Earlier this week, I wrote a blog based on reports that the cable industry is in the process of expanding its already substantial use of fiber. The basic idea is that cable's hybrid fiber-coax approach dominated while the telcos were stuck with a copper-heavy network. Now that Verizon, AT&T and others have leap-frogged cable operators with fiber, the bloom is off the HFC rose.
On Wednesday, Infonetics Research provided further insight into just how the fiber market is evolving. The firm said one use of the material -- gigabit passive optional networks (GPONs) -- grew during the first quarter of 2008 compared to the last quarter of 2007. However, two other approaches, broadband passive optical networks and Ethernet passive optical networks (BPONs and EPONs) slipped, and the overall PON market receded by 3 percent to $417 million.
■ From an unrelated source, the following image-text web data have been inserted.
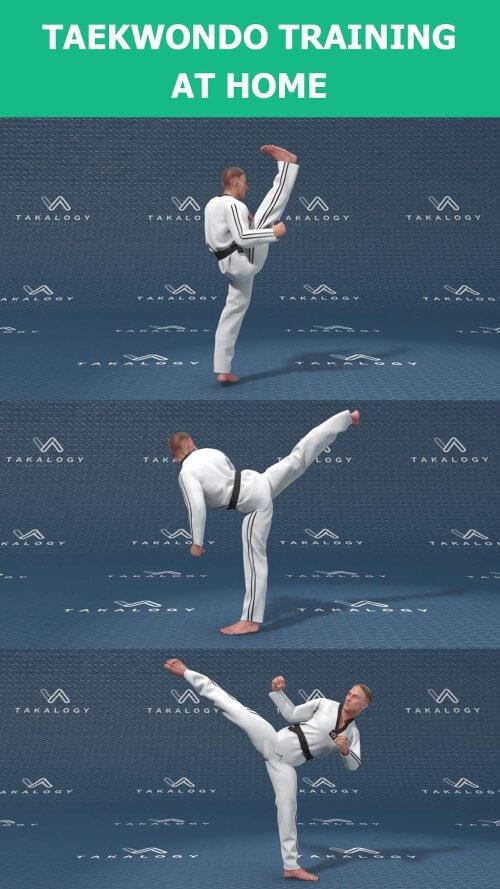 Mastering Taekwondo at Home Ảnh chụp màn hình 1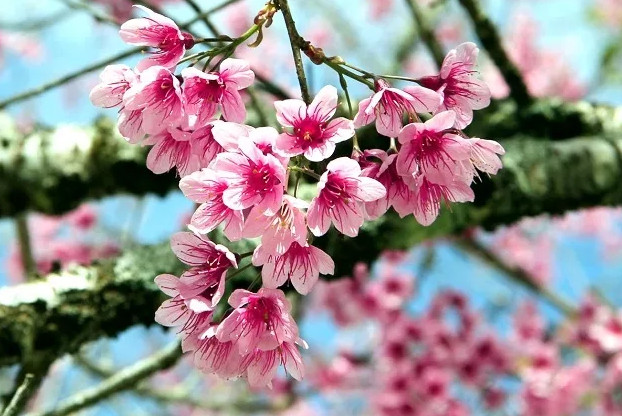 Lorsque la couleur rose illumine le ciel bleu profond, alors le printemps est revenu.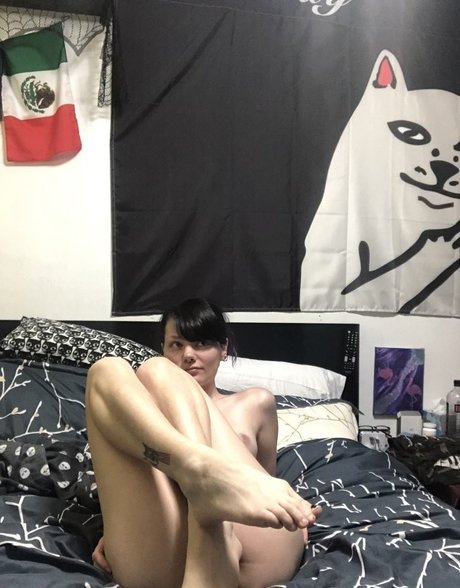 Skyla Rayne estrella porno superior archivo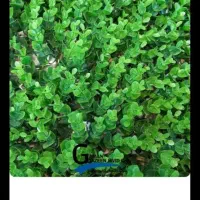 دیوار سبز مصنوعی گرین وال|گل مصنوعی|سنندج, |دیوار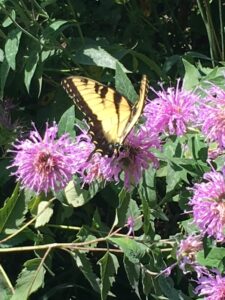 Yellow Swallowtail butterfly on purple flowers.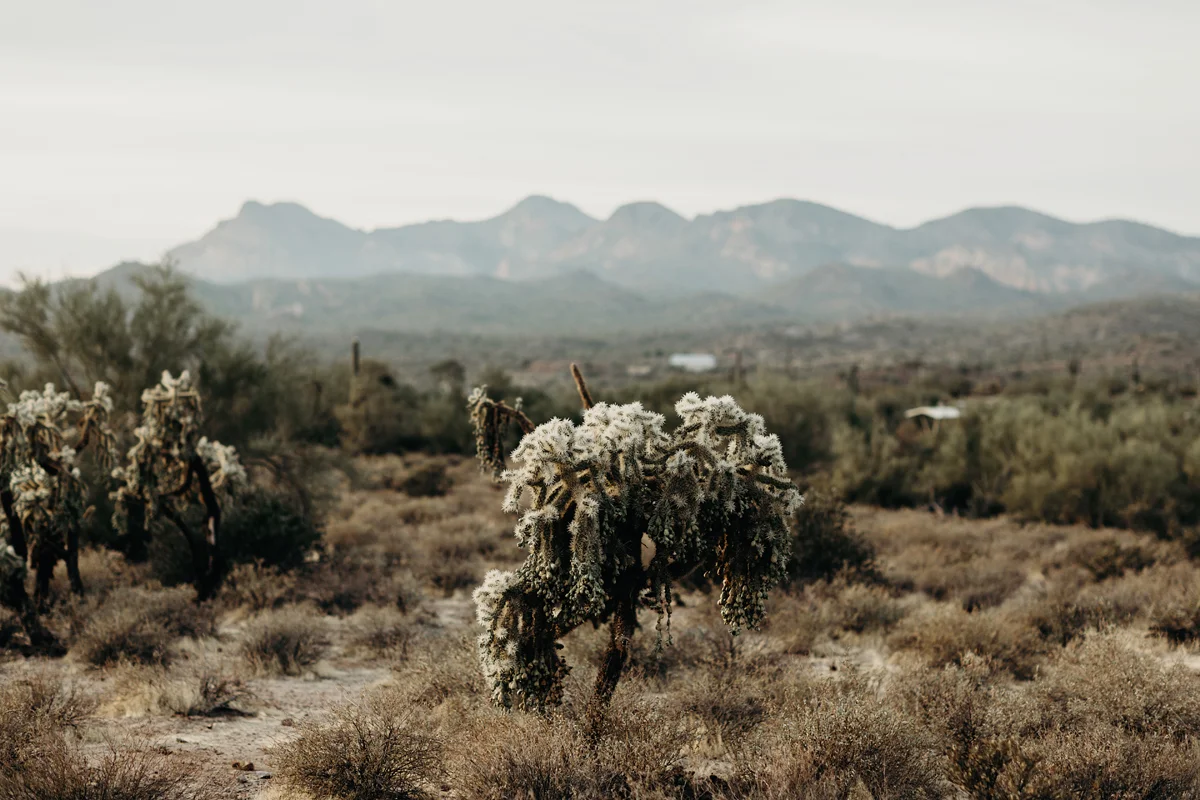 arizona elopement, superstition mountains, elope, destination we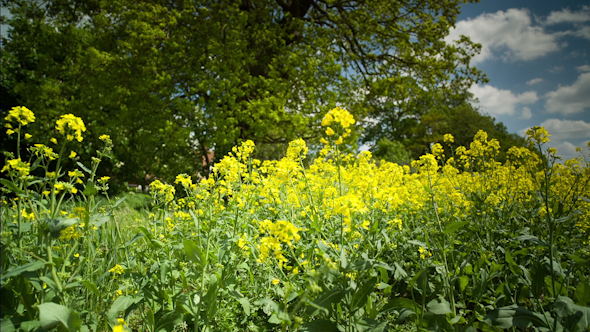 Beautiful Tree English Countryside Field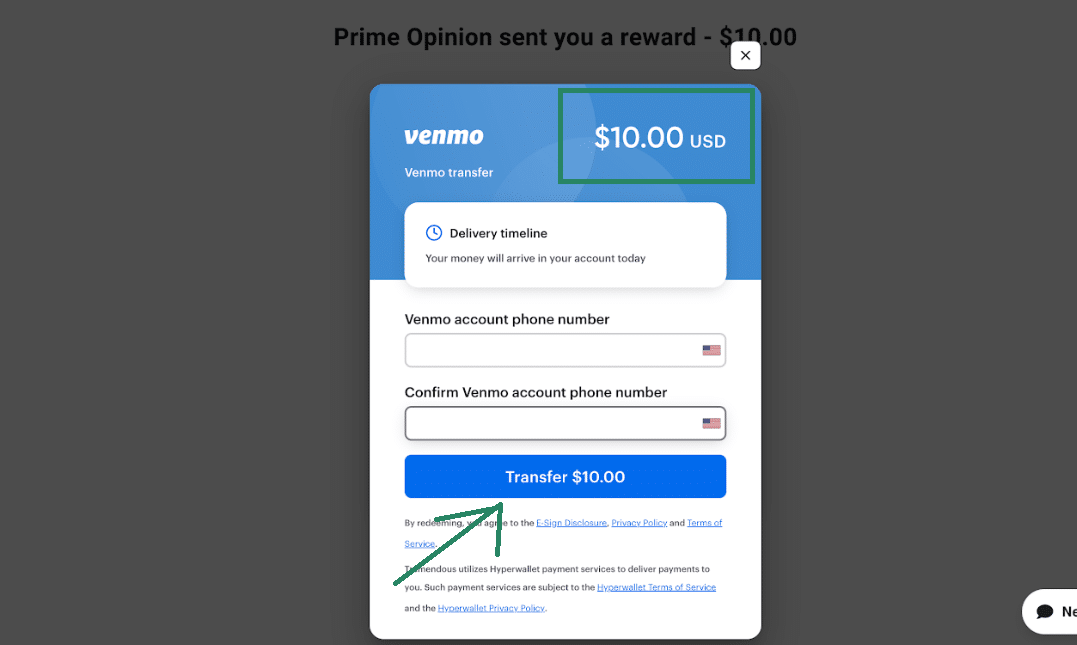 prime opinion payment proof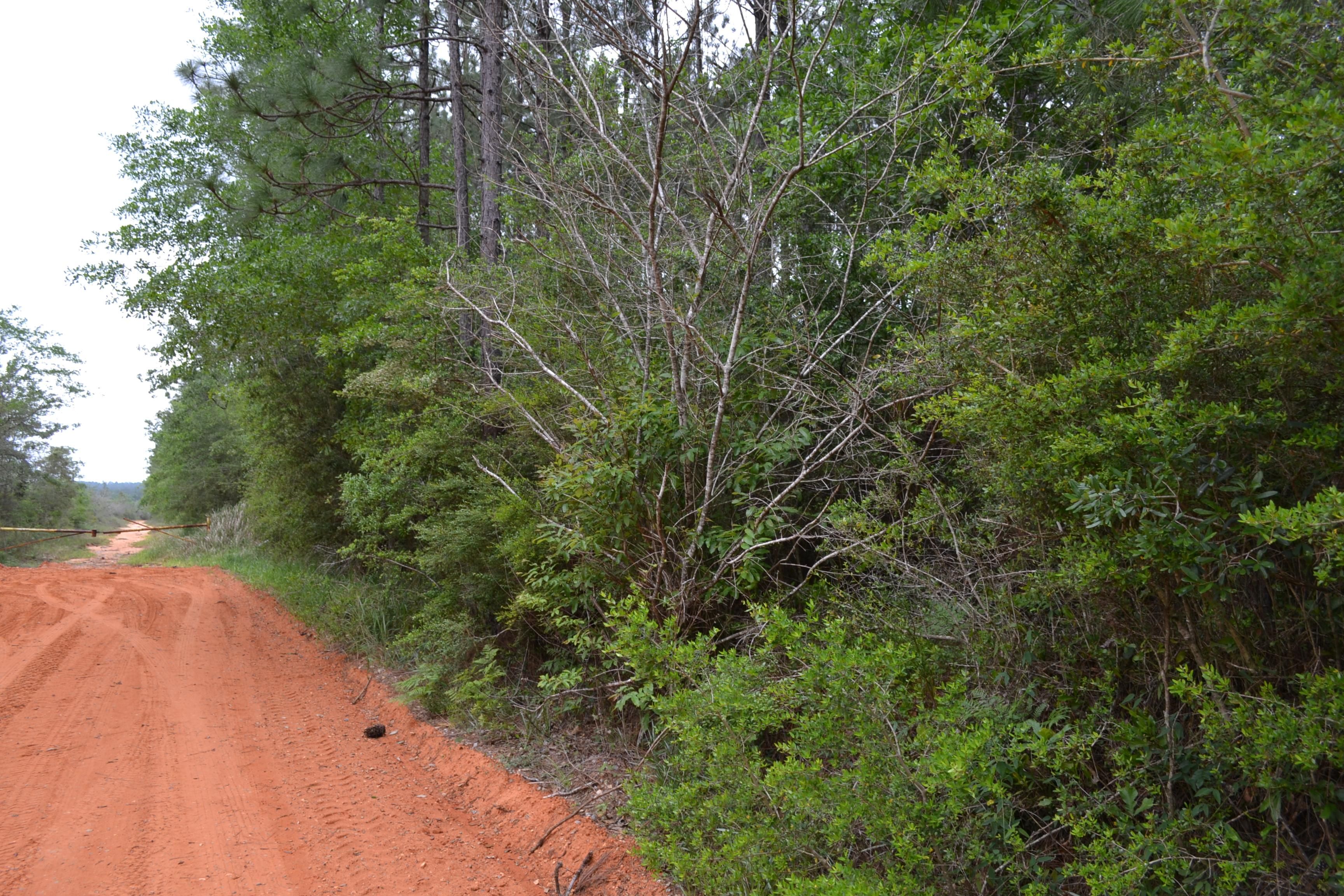 15.7 Acres, CC Road, Elberta, AL 36530 Land and Farm
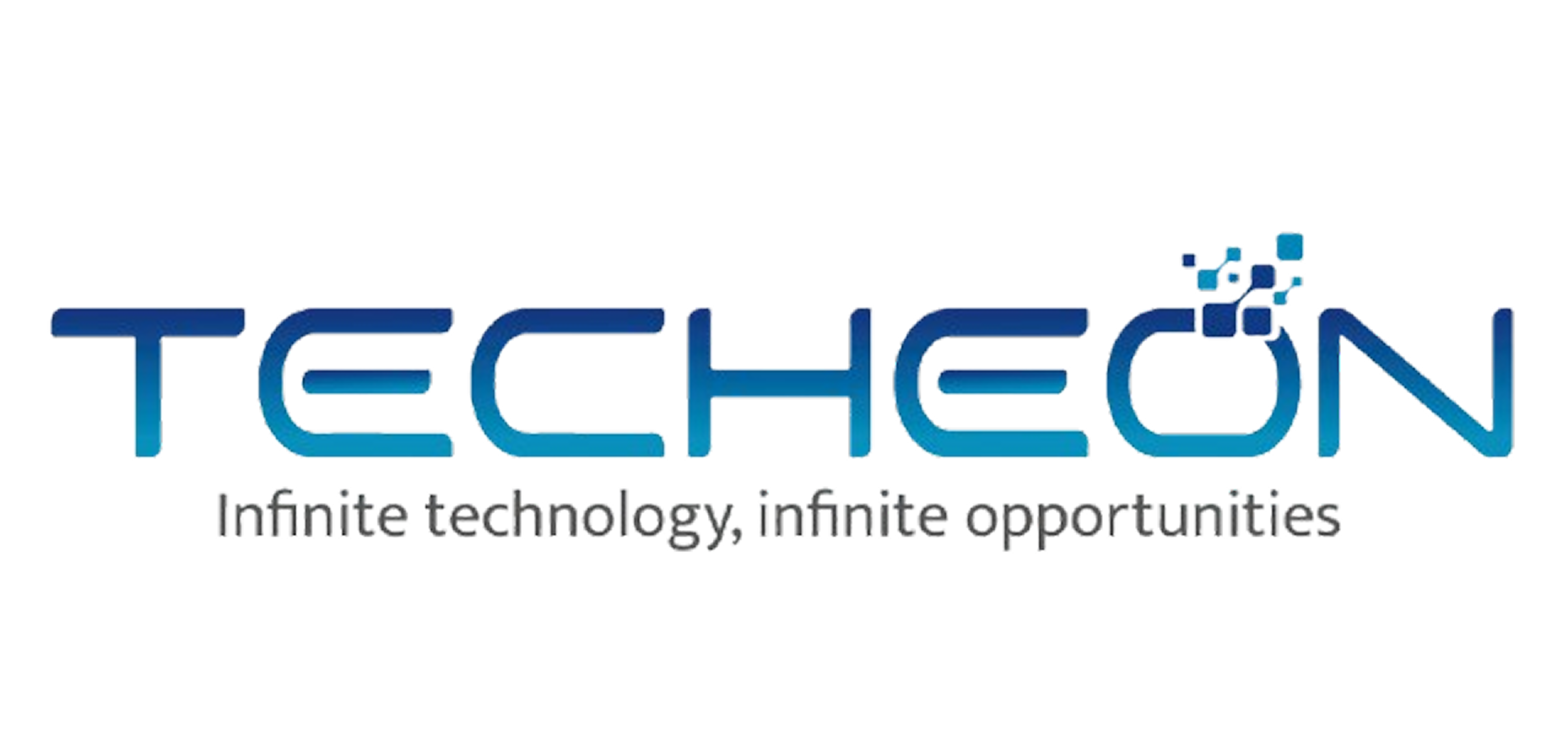 TECHEON IT SERVICES PRIVATE LIMITED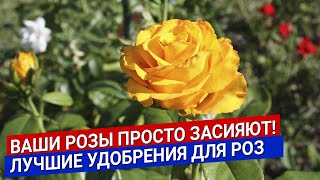 Ваши розы просто засияют! Лучшие удобрения для роз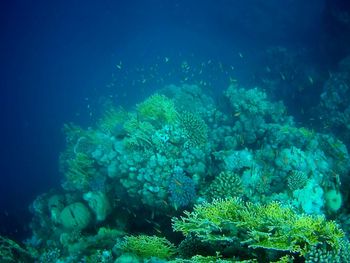 View of fish underwater
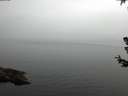 ./images/koeye/fitz-hugh/20180707/fitz-hugh20180707_101501.jpg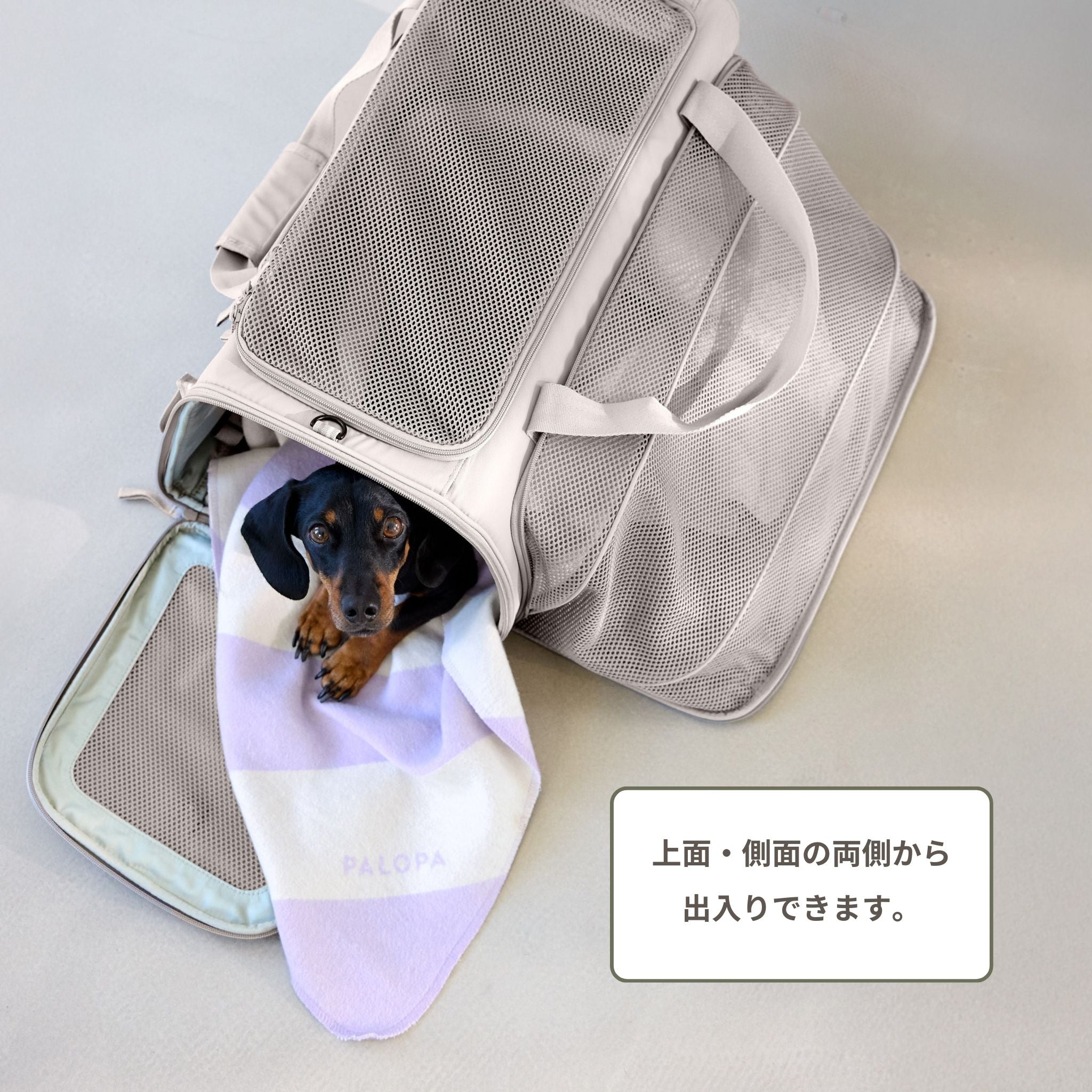 Travel Carrier Bag Benno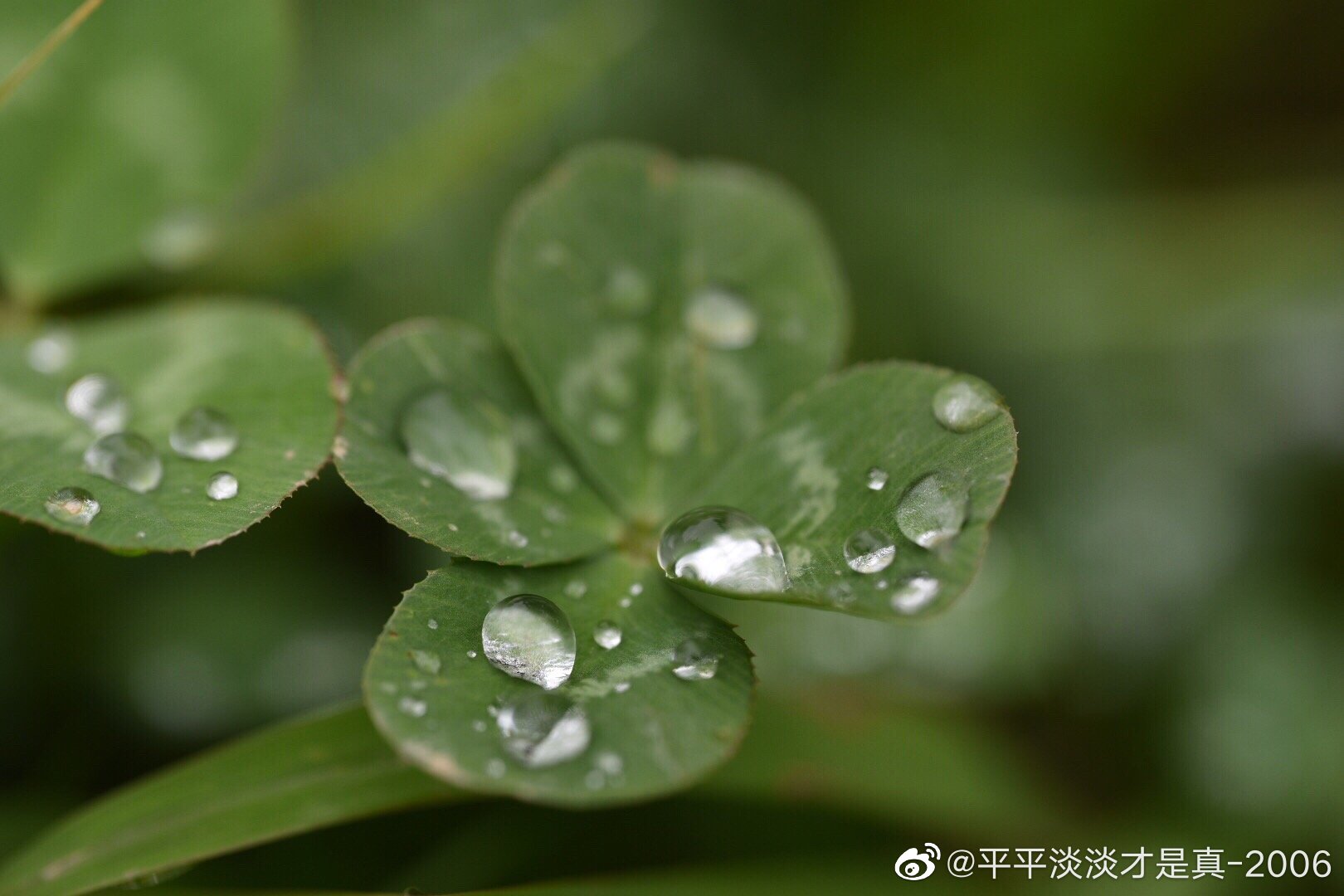 好运爆棚,找到四叶三叶草,五叶三叶草寓意幸运,幸福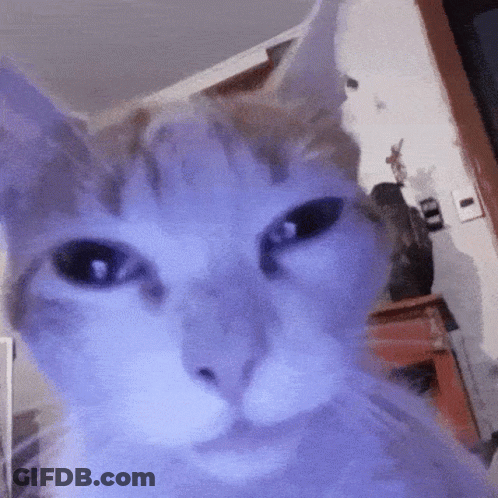 A Close Up Of A Cat 'S Face Looking At The Camera GIF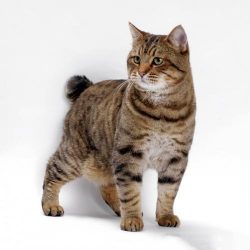 American Bobtails are large cats. Their weight can reach 9 kg. Their physique is strong, stocky, ...
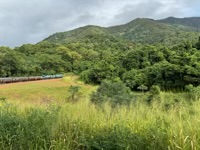 En route to Kuranda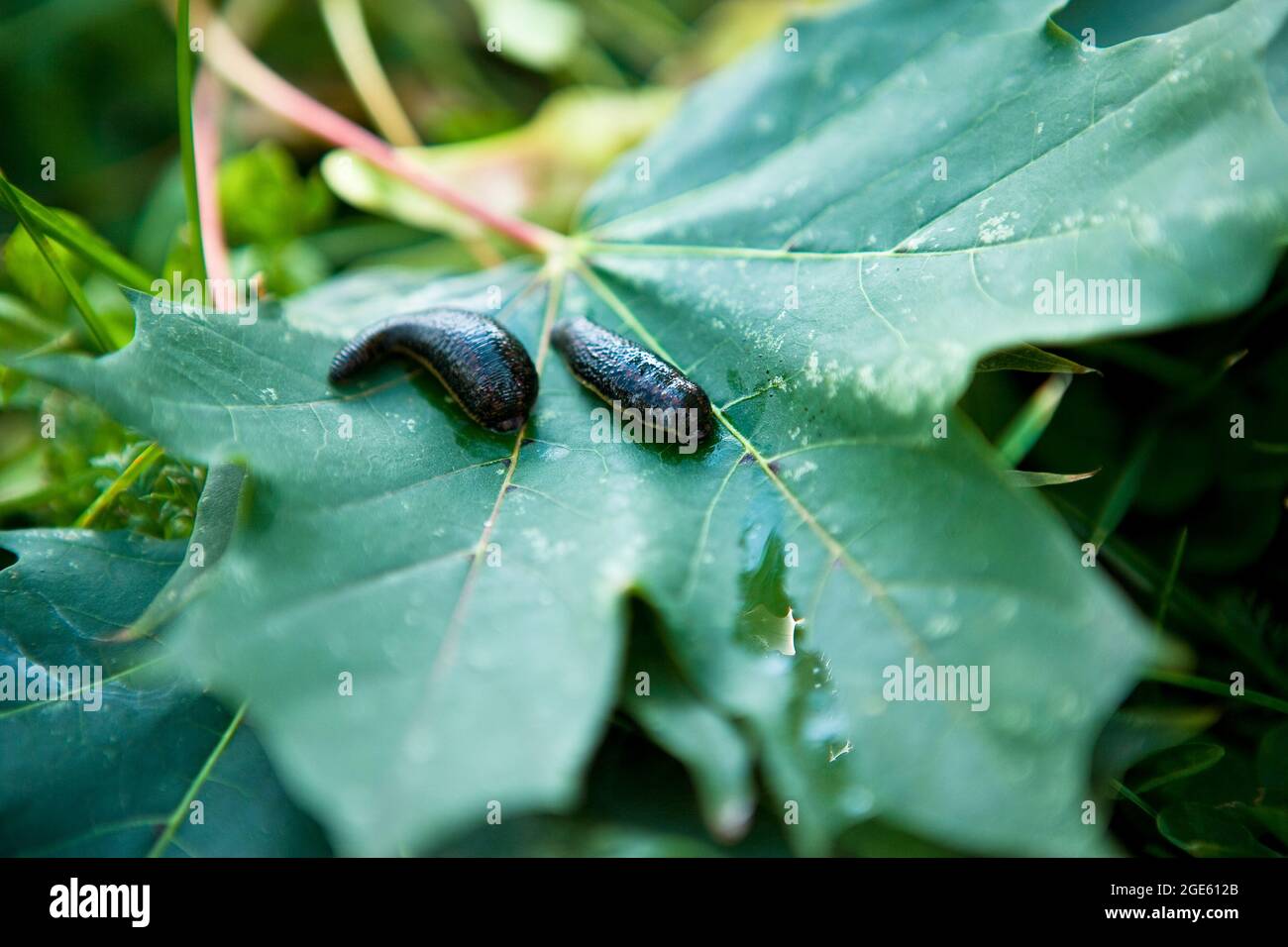 Leech therapy with medical leeches on the nature. Naturopathy, health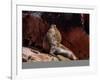 Sea Lion (Otaria flavescens), Ballestas Islands near Paracas, Ica Region, Peru, South America-Karol Kozlowski-Framed Photographic Print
Though the total value of the market is down, the fact that GPON thrived may be evidence that the sector is experiencing growing pains. GPON is faster than the other approaches, so it is natural that it would thrive while the others struggled.
Light Reading's look at the PON market in 2008 forecasts growth. The press release says demand is rising and, because of intense competition, prices are shrinking. The writer mentions South Korea and Japan as two heavy sources of demand and suggests that wavelength division multiplex PON (WDM PON) and 10-Gigabit Ethernet PON (GePON) are approaches to watch. The release includes a rating of the top vendors and delineates what customers look for in a supplier.
Dittberner also took a look at the fiber market this month. It said FTTH shipments reached 1.9 million ports, an 11 percent quarterly and 33 percent year-over-year rise. The release points out, however, that the increases fell short of its predictions. The release describes how each subgroup -- such as GPON, BPON and GePON -- performed.
Demand is a given in all these reports, and a report released this week suggests why. The Baller Herbst Law Group says it would be prudent for the United States to make 100 Mbps of capacity available to users by 2012 and 1 Gbps by 2015.
That's a lot of bandwidth in a hurry. The rationale, as outlined by Ars Technica, is based on the fact that the United States is significantly behind other nations in average speeds, and that disparity is threatening to explode. The report writers compare the situation to the early development of electricity. In those days, communities considered electricity a key for municipal survival, and set up their own power utilities, if necessary. The firm says that the same thing could happen for advanced broadband and that public/private partnerships are the best approach. Tackling the problem will involve deploying a tremendous amount of fiber, no matter which entity owns it.